Correlated electron interferometers for quantum computing

Single-electron and two-electron interference have been realized in a large variety of devices operating in the Integer quantum Hall regime, making them possible candidates for a flying-qubit implementation of quantum computing architectures[3]. In Ref.[1], we demonstrated the viability of coherent electron transport in a scalable design of the Mach-Zehnder interferometer and proposed its integration in a Conditional Phase Shifter, a two-qubit logic gate able to perform the entangling transformation for a universal set of quantum gates. To this aim, we numerically setup the 2D potential landscape reproducing modulation gates on top of an Hall Conditional Phase Shifter at bulk filling factor 2, and investigate two-electron scattering driven by Coulomb repulsion in its active region.

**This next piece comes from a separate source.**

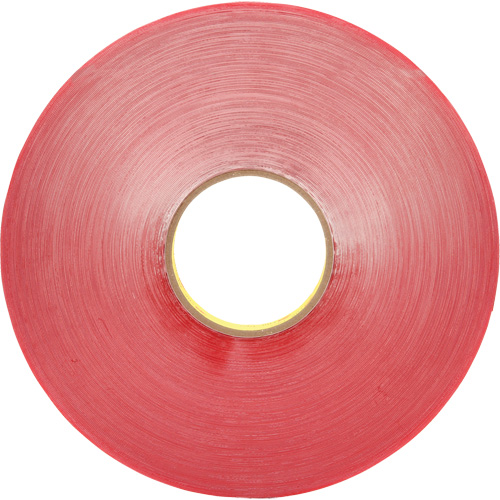 VHB Tape, 66 m (216') L x 25.4 mm (1") W, 20 mils, Acrylic Seaboard Timber Mart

The dynamics of quasiparticles injected by single-electron sources in Hall interferometers is reproduced by describing charge carriers with localized wavepackets of edge states, and the exact two-fermion wavefunction is evolved with a parallel version of the Split-Step Fourier method[2]. In this approach, electron-electron interaction is introduced exactly in the two-particle Hamiltonian with a long-range Coulomb potential in 2D. We measure the spatial shift induced by Coulomb repulsion in the final two-electron wavefunction, and prove that electron-electron interaction generates a consistent phase shift in one of the four configurations of possible Landau levels occupancy at bulk filling factor 2. We further demonstrate that the conditional phase can be, in our design, as large as π and that it can be controlled by the static confinement potential.